Not Born to Run
Wait: Did Koch just say “whether running is even appropriate for a person”? Is he suggesting that not all humans are, in fact, born to run?
Here we arrive at the heart of the matter. Fascinating recent research by Daniel Lieberman and other evolutionary biologists has popularized the notion that our species is specially designed for distance running. While the point that human beings are better suited to distance running than the hominid and ape species preceding us in the descent of man is difficult to contradict, it is quite obviously not the case that every human individual is meant to run.
Consider this: Every cheetah is a world-class sprinter. No exceptions. By contrast, the degree of interindividual variation in distance running ability in the human population is incredibly vast. There are no Jim Hogarty’s in the Cheetah world.

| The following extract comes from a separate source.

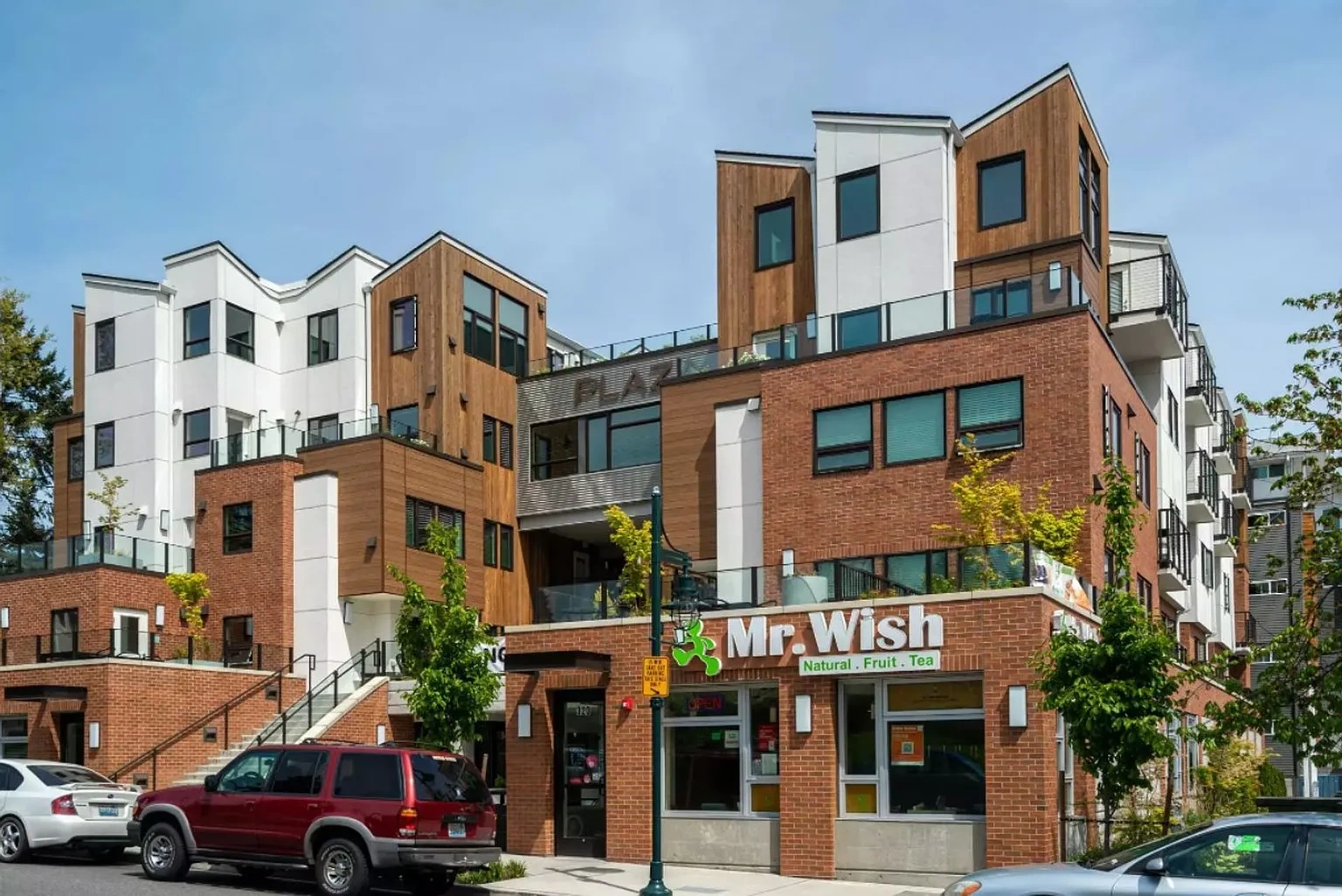 Plaza Apartments – photo 2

Jim Hogarty (real name disguised to protect his dignity) was a kid I went to elementary school with who effectively couldn’t run a step. There was nothing really wrong with him. He was just giant and knock-kneed and flatfooted and running was terribly uncomfortable for him. There are millions of Jim Fogarty’s out there, and millions of others who have the same trouble with running to lesser degrees.
That’s because humans really are not born for distance running in the same way that cheetahs are born for sprinting. Evolutionary biologists other than Daniel Lieberman will tell you that humans are born generalists more than we are born specialists in endurance running or anything else. A natural consequence of this “jack of all trades, master of none” design is that there are different types of individual specialists within the total human population. Some of us are strong, others weak. Some of us have great hand-eye coordination, others don’t. Some of us can be great marathon runners, others can’t run a step.

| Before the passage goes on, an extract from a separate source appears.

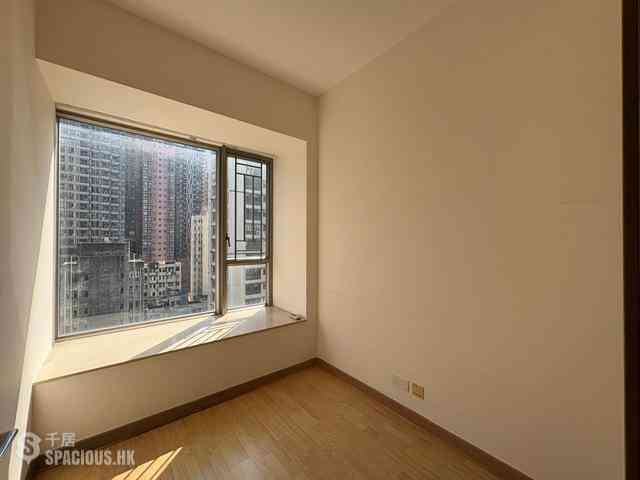 Sai Ying Pun - Island Crest Block 1 13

The romantic vision of an Edenic primitive humanity in which everyone ran like Kenenisa Bekele is complete hokum. Endurance running was very likely only ever a specialization of the few, exactly as it is today.
Hence, “If we can say that everyone is built to run barefoot we can say that everyone is built to fly a fighter jet without glasses,” says Pribut. “We don’t all have 20/20 vision.”
But most of us do have 20/20 vision with glasses. Similarly, says Pribut, “There are more people who can run because of shoes than can’t run because of shoes.”
In other words, the right shoe can help some of those who were not born to run, run anyway, and those who were born to run a little, run a little more.